Would that OSSE were a tad more inquisitive.
On the same day the state superintendent’s office was citing its refusal to “add another layer of bureaucracy” to the oversight process, Doug Buchanan, director of media and public relations for the D.C. courts, provided the following in response to my request for information about the court system and chronically absent students: “Various problems arose in the referral process between DCPS [D.C. Public Schools] and CSSD. Most often the issues have been with DCPS indicating numerous referrals were submitted to CSSD that could not be confirmed as being in receipt. CSSD was also concerned with the poor quality of the referrals that were received including a dearth of information, little to no information as to any follow-up with the student and family by the school, also no confirmation within the referral that the student or parent was present or notified of the [legally required school attendance] meeting, and further, no information as to whether the student was even currently enrolled at the school.”

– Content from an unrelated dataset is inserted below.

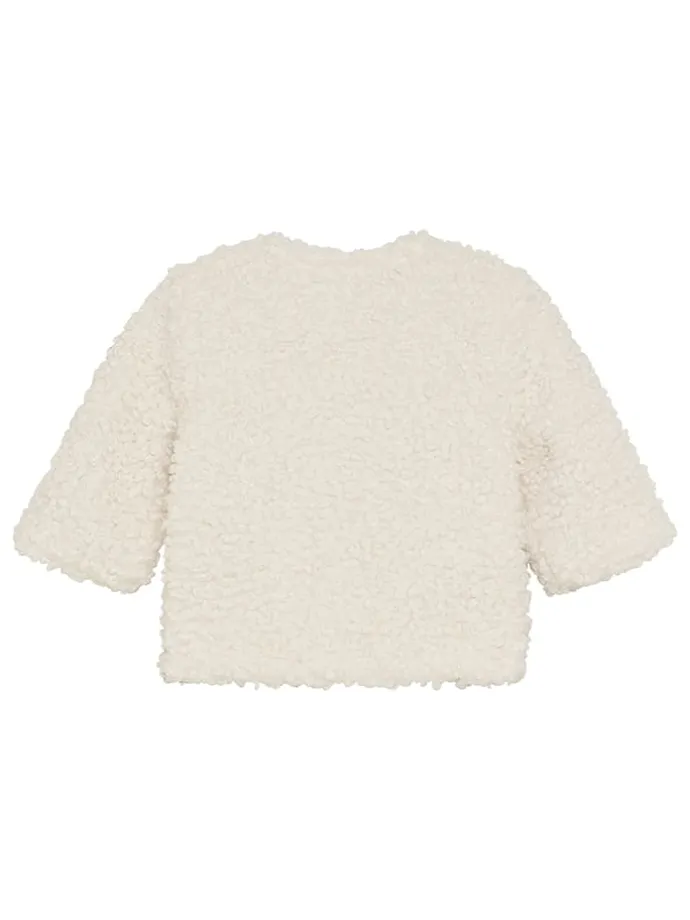 Fleecejacke in Creme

For those reasons, Buchanan said, CSSD had made fewer referral recommendations to the OAG for court action. He said CSSD had convened meetings with DCPS to iron out the problems, and that referrals had improved but remain sparse with information and that CSSD probation officers often must weed out deficient DCPS referrals.
News4 reporter Mark Segraves also dug into chronic school absenteeism and found that of nearly 20,000 eligible chronically truant students ages 5 to 13, only 8,000 were referred to Child and Family Services by the schools. And of the nearly 8,000 chronically truant students age 13 and above eligible for referral from the schools to Superior Court social services, about 50 percent were actually referred. What, pray tell, happened to the rest? They are falling behind in school. Have their problems been resolved? Is dropping out in their future or something even worse?
OSSE looks good on paper. Blessed with a nearly $700 million operating budget, OSSE spends loads of federal and local tax dollars seemingly on every academically related topic known to mankind.
But it doesn’t keep track of children experiencing adversity in their lives?
OSSE’s mission: “We will set high standards, build educator and system capacity to meet those standards, expand educational opportunities for all learners with a focus on those underserved and hold everyone — including ourselves — accountable for results.”